The width of a plane incident wavefront is found
to be doubled in a denser medium. If it makes an
angle of 70° with the surface, calculate the
refractive index for the denser medium.
Answers
Answer:
The angle of incidence, i = 70°
Since the width of refracted wave front is given double the width of the incident wave front i.e., from the figure attached below, we get CD = 2 AB.
∴ cos i / cos r = AB/CD
Or, cos 70° / cos r = AB / 2 AB
Or, 0.342 / cos r = ½
Or, cos r = 0.684
Or, r = cos⁻¹ (0.684) = 46.842 ….. (i)
Now, we know that the formula for refractive index is given as,
µ = sin i / sin r
or, µ = sin 70°/ sin (46.842) …… [from (i)]

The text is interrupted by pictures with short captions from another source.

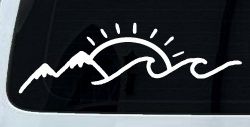 Mountain Beach Sun Wave Country Car or Truck Window Decal Sticker
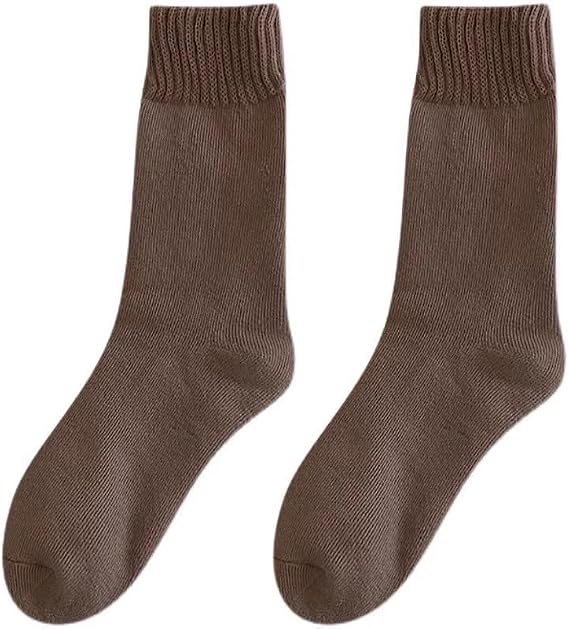 CFLONGE Bamboo Mini Crew Socks, Brown, Ribbed Cuff Design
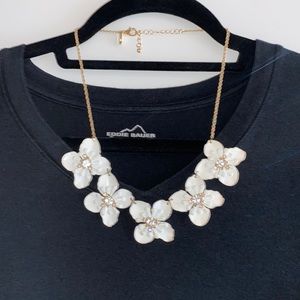 White flower petal necklace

or, µ = 0.939 / 0.729 = 1.28
Hence, the refractive index for the denser medium is 1.28.
Answer:
The angle of incidence which is given is i=70 degrees
As the girth of refracted wave front is given twofold the width of the incident wave front so we
Let’s suppose,
∴ cos i / cos r = AB/CD
Or, cos 70° / cos r = AB / 2 AB
Or, 0.342 / cos r = ½
Or, cos r = 0.684
Or, r = cos⁻¹ (0.684) = 46.842
Now, we see that the formula for refractive index is specified as,
µ = sin i / sin r
or, µ = sin 70°/ sin (46.842
or, µ = 0.939 / 0.729 = 1.28
so, the refractive index for the denser medium is 1.28.